→ TASK OBJECTIVE
Line by line, retype the material below exactly, from its first line up to and including the one holding "Việt Nam sẽ".

→ MATERIAL PROVIDED
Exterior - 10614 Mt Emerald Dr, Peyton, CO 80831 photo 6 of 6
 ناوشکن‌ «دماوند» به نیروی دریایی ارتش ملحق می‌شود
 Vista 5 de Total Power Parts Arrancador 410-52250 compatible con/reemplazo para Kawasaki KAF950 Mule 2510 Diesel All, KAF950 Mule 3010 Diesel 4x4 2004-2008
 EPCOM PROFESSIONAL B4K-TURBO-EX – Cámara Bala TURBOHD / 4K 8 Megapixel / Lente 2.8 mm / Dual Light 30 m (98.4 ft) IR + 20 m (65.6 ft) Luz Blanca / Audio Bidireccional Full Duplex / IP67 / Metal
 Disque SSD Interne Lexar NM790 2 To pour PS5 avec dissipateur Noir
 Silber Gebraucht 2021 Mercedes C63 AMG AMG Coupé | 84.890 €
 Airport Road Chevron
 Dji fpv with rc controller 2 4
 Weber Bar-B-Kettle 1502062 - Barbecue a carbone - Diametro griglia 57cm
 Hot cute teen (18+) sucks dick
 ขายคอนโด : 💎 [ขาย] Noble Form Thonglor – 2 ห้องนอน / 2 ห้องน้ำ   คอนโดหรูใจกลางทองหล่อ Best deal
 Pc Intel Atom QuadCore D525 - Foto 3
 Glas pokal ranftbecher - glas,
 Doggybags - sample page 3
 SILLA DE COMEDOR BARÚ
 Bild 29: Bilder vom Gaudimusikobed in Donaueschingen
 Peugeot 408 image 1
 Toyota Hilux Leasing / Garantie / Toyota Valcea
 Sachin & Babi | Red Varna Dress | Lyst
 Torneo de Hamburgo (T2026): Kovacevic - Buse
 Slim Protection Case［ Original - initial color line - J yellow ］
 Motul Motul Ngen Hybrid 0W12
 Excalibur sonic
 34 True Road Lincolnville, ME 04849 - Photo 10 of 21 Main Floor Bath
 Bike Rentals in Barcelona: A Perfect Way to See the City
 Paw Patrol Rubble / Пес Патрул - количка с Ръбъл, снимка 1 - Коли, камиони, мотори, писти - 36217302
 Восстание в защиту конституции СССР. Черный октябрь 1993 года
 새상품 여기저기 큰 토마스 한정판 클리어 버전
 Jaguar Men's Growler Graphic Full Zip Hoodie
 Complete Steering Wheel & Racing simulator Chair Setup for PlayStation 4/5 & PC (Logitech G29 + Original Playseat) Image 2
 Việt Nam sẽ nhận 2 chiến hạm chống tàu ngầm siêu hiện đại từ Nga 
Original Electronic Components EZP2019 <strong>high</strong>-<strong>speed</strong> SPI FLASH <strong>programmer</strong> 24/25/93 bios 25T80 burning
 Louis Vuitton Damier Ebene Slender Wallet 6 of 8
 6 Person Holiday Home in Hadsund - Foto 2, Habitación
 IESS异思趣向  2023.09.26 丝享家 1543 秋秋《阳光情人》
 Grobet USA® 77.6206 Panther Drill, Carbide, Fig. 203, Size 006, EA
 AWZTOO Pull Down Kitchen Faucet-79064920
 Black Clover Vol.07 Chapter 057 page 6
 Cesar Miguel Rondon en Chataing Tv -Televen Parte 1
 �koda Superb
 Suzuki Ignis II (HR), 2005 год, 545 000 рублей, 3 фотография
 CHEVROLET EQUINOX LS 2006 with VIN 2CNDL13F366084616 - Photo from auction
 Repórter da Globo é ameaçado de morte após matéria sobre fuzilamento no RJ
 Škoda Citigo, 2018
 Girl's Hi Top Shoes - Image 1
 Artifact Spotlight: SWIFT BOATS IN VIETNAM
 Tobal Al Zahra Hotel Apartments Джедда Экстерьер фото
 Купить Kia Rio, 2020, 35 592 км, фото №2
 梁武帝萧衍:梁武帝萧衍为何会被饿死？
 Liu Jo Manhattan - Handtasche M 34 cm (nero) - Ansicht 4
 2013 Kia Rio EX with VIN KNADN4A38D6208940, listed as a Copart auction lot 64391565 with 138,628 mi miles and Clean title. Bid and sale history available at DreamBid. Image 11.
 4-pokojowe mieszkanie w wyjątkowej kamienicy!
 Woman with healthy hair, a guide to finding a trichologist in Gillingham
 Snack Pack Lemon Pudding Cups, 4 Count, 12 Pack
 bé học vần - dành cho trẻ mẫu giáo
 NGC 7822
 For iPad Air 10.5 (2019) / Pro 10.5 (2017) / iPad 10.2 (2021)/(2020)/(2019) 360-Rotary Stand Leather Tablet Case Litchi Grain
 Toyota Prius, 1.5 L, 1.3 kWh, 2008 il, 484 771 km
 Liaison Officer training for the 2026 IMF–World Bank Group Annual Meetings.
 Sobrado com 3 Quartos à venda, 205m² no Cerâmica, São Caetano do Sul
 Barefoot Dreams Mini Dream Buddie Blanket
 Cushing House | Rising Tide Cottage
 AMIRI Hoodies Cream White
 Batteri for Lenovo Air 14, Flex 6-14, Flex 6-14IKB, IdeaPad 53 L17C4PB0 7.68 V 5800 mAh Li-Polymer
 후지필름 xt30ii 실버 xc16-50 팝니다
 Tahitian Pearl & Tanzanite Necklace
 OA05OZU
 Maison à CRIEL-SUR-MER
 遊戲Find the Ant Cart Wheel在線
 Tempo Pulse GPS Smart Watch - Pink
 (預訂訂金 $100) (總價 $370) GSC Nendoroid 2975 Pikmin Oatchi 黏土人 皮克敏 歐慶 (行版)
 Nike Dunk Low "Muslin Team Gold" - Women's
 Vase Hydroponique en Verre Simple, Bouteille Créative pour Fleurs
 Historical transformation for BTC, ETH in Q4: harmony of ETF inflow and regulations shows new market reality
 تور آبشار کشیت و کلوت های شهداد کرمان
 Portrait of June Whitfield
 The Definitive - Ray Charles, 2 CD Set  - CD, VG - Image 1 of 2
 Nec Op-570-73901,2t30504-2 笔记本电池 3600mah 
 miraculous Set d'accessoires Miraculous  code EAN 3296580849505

→ TASK ANSWER
Exterior - 10614 Mt Emerald Dr, Peyton, CO 80831 photo 6 of 6
 ناوشکن‌ «دماوند» به نیروی دریایی ارتش ملحق می‌شود
 Vista 5 de Total Power Parts Arrancador 410-52250 compatible con/reemplazo para Kawasaki KAF950 Mule 2510 Diesel All, KAF950 Mule 3010 Diesel 4x4 2004-2008
 EPCOM PROFESSIONAL B4K-TURBO-EX – Cámara Bala TURBOHD / 4K 8 Megapixel / Lente 2.8 mm / Dual Light 30 m (98.4 ft) IR + 20 m (65.6 ft) Luz Blanca / Audio Bidireccional Full Duplex / IP67 / Metal
 Disque SSD Interne Lexar NM790 2 To pour PS5 avec dissipateur Noir
 Silber Gebraucht 2021 Mercedes C63 AMG AMG Coupé | 84.890 €
 Airport Road Chevron
 Dji fpv with rc controller 2 4
 Weber Bar-B-Kettle 1502062 - Barbecue a carbone - Diametro griglia 57cm
 Hot cute teen (18+) sucks dick
 ขายคอนโด : 💎 [ขาย] Noble Form Thonglor – 2 ห้องนอน / 2 ห้องน้ำ   คอนโดหรูใจกลางทองหล่อ Best deal
 Pc Intel Atom QuadCore D525 - Foto 3
 Glas pokal ranftbecher - glas,
 Doggybags - sample page 3
 SILLA DE COMEDOR BARÚ
 Bild 29: Bilder vom Gaudimusikobed in Donaueschingen
 Peugeot 408 image 1
 Toyota Hilux Leasing / Garantie / Toyota Valcea
 Sachin & Babi | Red Varna Dress | Lyst
 Torneo de Hamburgo (T2026): Kovacevic - Buse
 Slim Protection Case［ Original - initial color line - J yellow ］
 Motul Motul Ngen Hybrid 0W12
 Excalibur sonic
 34 True Road Lincolnville, ME 04849 - Photo 10 of 21 Main Floor Bath
 Bike Rentals in Barcelona: A Perfect Way to See the City
 Paw Patrol Rubble / Пес Патрул - количка с Ръбъл, снимка 1 - Коли, камиони, мотори, писти - 36217302
 Восстание в защиту конституции СССР. Черный октябрь 1993 года
 새상품 여기저기 큰 토마스 한정판 클리어 버전
 Jaguar Men's Growler Graphic Full Zip Hoodie
 Complete Steering Wheel & Racing simulator Chair Setup for PlayStation 4/5 & PC (Logitech G29 + Original Playseat) Image 2
 Việt Nam sẽ nhận 2 chiến hạm chống tàu ngầm siêu hiện đại từ Nga 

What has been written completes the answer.